Microbiële gifstoffen worden voornamelijk aangemaakt door micro-organismen die in vochtige omstandigheden leven, zoals in de bodem, in een plant of
in het lichaam. Soorten die in het water leven produceren geen of heel weinig gifstoffen omdat deze stoffen hier snel te sterk verdund en daarmee onwerkzaam zouden worden.
Deze gifstoffen worden alléén aangemaakt wanneer een nieuwe leefomgeving wordt gekoloniseerd of wanneer de leefomgeving beschermd dient te worden tegen een concurrerende soort. De gifstoffen van micro-organismen zijn speciaal bedoeld voor bepaalde opdringerige soorten. De soorten bacteriën, schimmels en andere micro-organismen die samenwerkingsvormen hebben ontwikkeld, gebruiken geen gif in de onderlinge communicatie en zijn bestand tegen elkaars gifstoffen.

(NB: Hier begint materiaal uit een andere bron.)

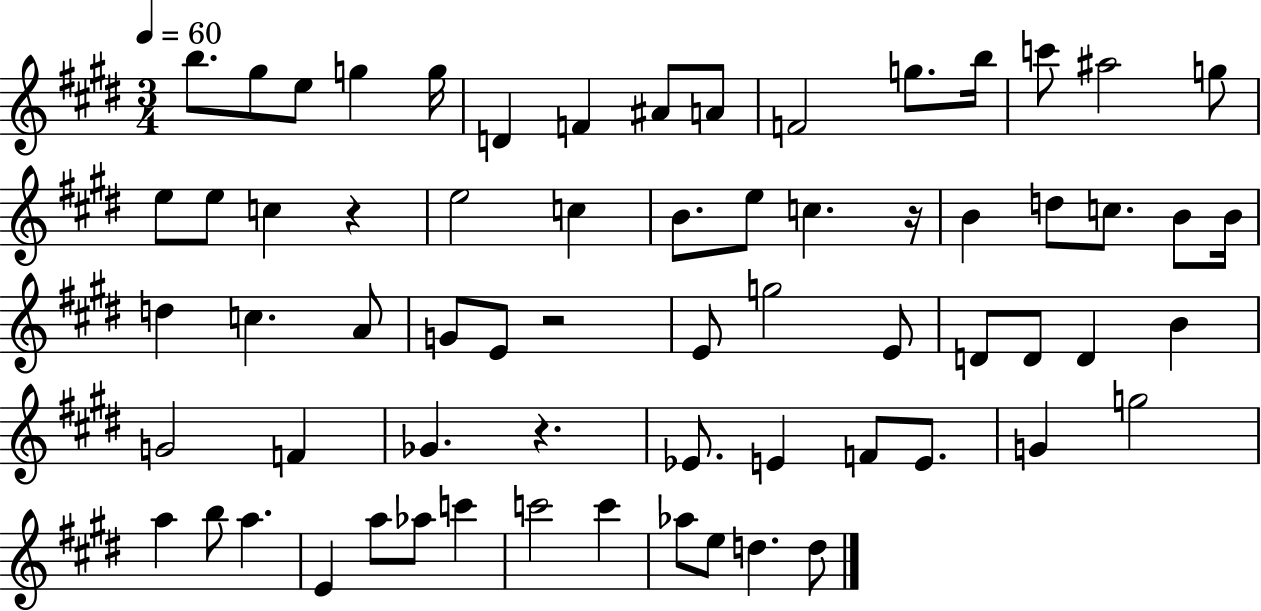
{
  \clef treble
  \numericTimeSignature
  \time 3/4
  \key e \major
  \tempo 4 = 60
  \repeat volta 2 { b''8. gis''8 e''8 g''4 g''16 | d'4 f'4 ais'8 a'8 | f'2 g''8. b''16 | c'''8 ais''2 g''8 | \break e''8 e''8 c''4 r4 | e''2 c''4 | b'8. e''8 c''4. r16 | b'4 d''8 c''8. b'8 b'16 | \break d''4 c''4. a'8 | g'8 e'8 r2 | e'8 g''2 e'8 | d'8 d'8 d'4 b'4 | \break g'2 f'4 | ges'4. r4. | ees'8. e'4 f'8 e'8. | g'4 g''2 | \break a''4 b''8 a''4. | e'4 a''8 aes''8 c'''4 | c'''2 c'''4 | aes''8 e''8 d''4. d''8 | \break } \bar "|."
}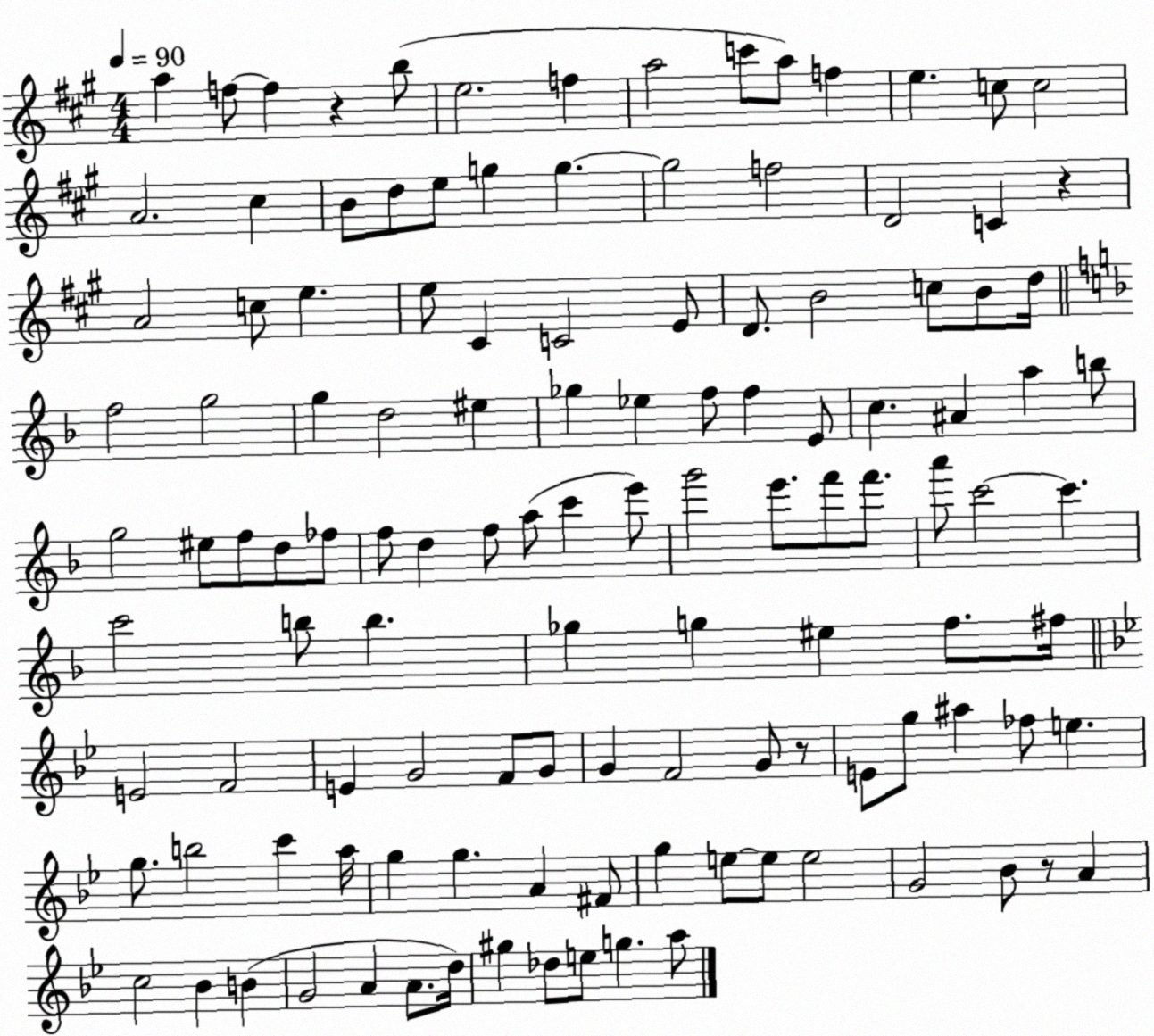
X:1
T:Untitled
M:4/4
L:1/4
K:A
a f/2 f z b/2 e2 f a2 c'/2 a/2 f e c/2 c2 A2 ^c B/2 d/2 e/2 g g g2 f2 D2 C z A2 c/2 e e/2 ^C C2 E/2 D/2 B2 c/2 B/2 d/4 f2 g2 g d2 ^e _g _e f/2 f E/2 c ^A a b/2 g2 ^e/2 f/2 d/2 _f/2 f/2 d f/2 a/2 c' e'/2 g'2 e'/2 f'/2 f'/2 a'/2 c'2 c' c'2 b/2 b _g g ^e f/2 ^f/4 E2 F2 E G2 F/2 G/2 G F2 G/2 z/2 E/2 g/2 ^a _f/2 e g/2 b2 c' a/4 g g A ^F/2 g e/2 e/2 e2 G2 _B/2 z/2 A c2 _B B G2 A A/2 d/4 ^g _d/2 e/2 g a/2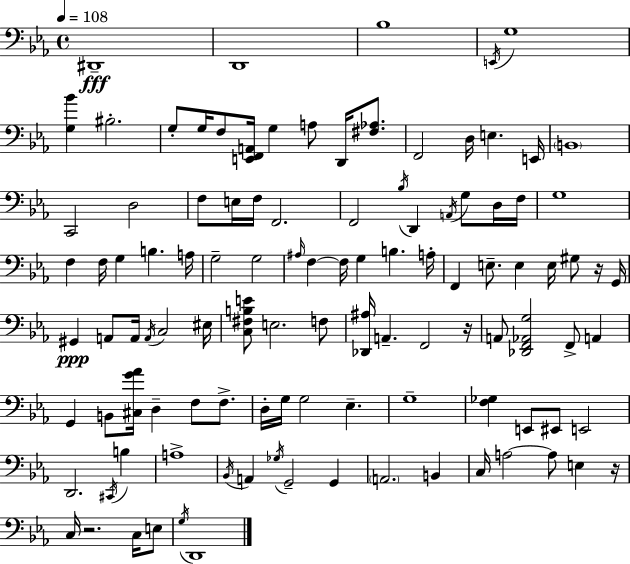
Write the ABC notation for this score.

X:1
T:Untitled
M:4/4
L:1/4
K:Eb
^D,,4 D,,4 _B,4 E,,/4 G,4 [G,_B] ^B,2 G,/2 G,/4 F,/2 [E,,F,,A,,]/4 G, A,/2 D,,/4 [^F,_A,]/2 F,,2 D,/4 E, E,,/4 B,,4 C,,2 D,2 F,/2 E,/4 F,/4 F,,2 F,,2 _B,/4 D,, A,,/4 G,/2 D,/4 F,/4 G,4 F, F,/4 G, B, A,/4 G,2 G,2 ^A,/4 F, F,/4 G, B, A,/4 F,, E,/2 E, E,/4 ^G,/2 z/4 G,,/4 ^G,, A,,/2 A,,/4 A,,/4 C,2 ^E,/4 [C,^F,B,E]/2 E,2 F,/2 [_D,,^A,]/4 A,, F,,2 z/4 A,,/2 [_D,,F,,_A,,G,]2 F,,/2 A,, G,, B,,/2 [^C,G_A]/4 D, F,/2 F,/2 D,/4 G,/4 G,2 _E, G,4 [F,_G,] E,,/2 ^E,,/2 E,,2 D,,2 ^C,,/4 B, A,4 _B,,/4 A,, _G,/4 G,,2 G,, A,,2 B,, C,/4 A,2 A,/2 E, z/4 C,/4 z2 C,/4 E,/2 G,/4 D,,4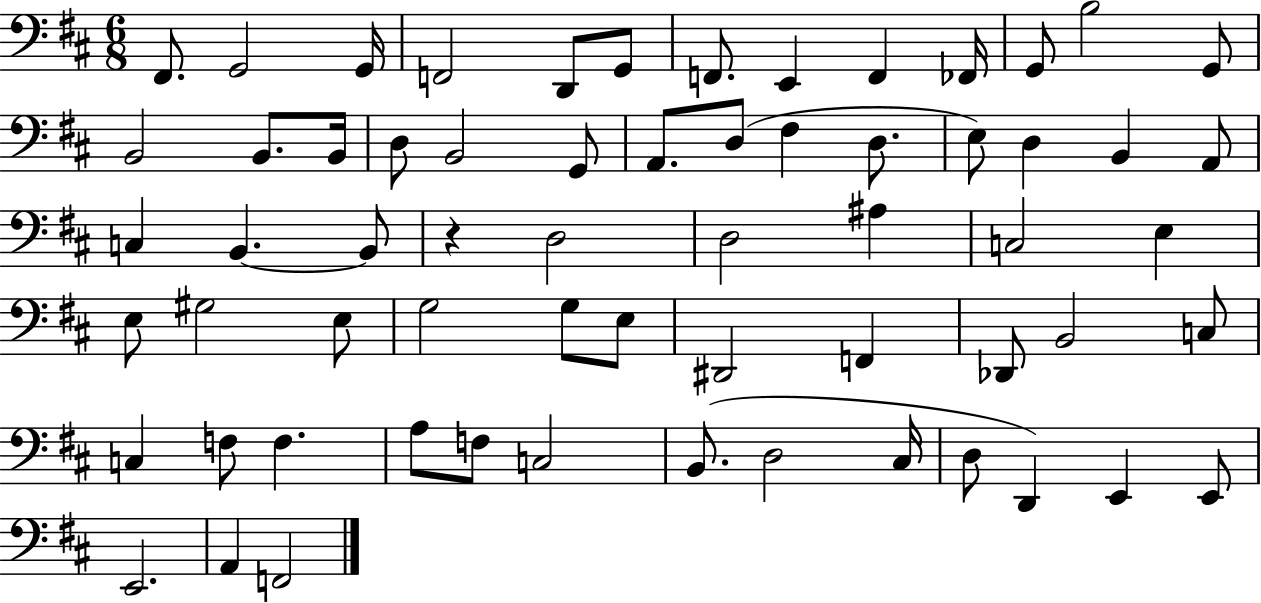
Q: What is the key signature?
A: D major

Daarnaast maken micro-organismen ook anti-gifstoffen aan die de voor hen dodelijke gifstoffen van andere soorten tegenwerken.
Belangrijke eigenschappen van de verschillende
soorten microbiële gifstoffen zijn de
selectieve werking, de lage werkzame concentratie, de goede afbreekbaarheid, de brede of smalle
werkingsspectra en de verschillende
werkingsmechanismen. Andere eigenschappen zijn dat ze al werken in zeer lage concentraties, dat ze zich niet ophopen in het milieu (in de bodem of het lichaam) en dat ze geneutraliseerd of afgebroken kunnen worden door andere micro-organismen.
Tijdens de industriële productie van antibiotica als geneesmiddelen worden de eigenschappen van de oorspronkelijke microbiële gifstoffen veranderd om de bruikbaarheid op grote schaal te verbeteren.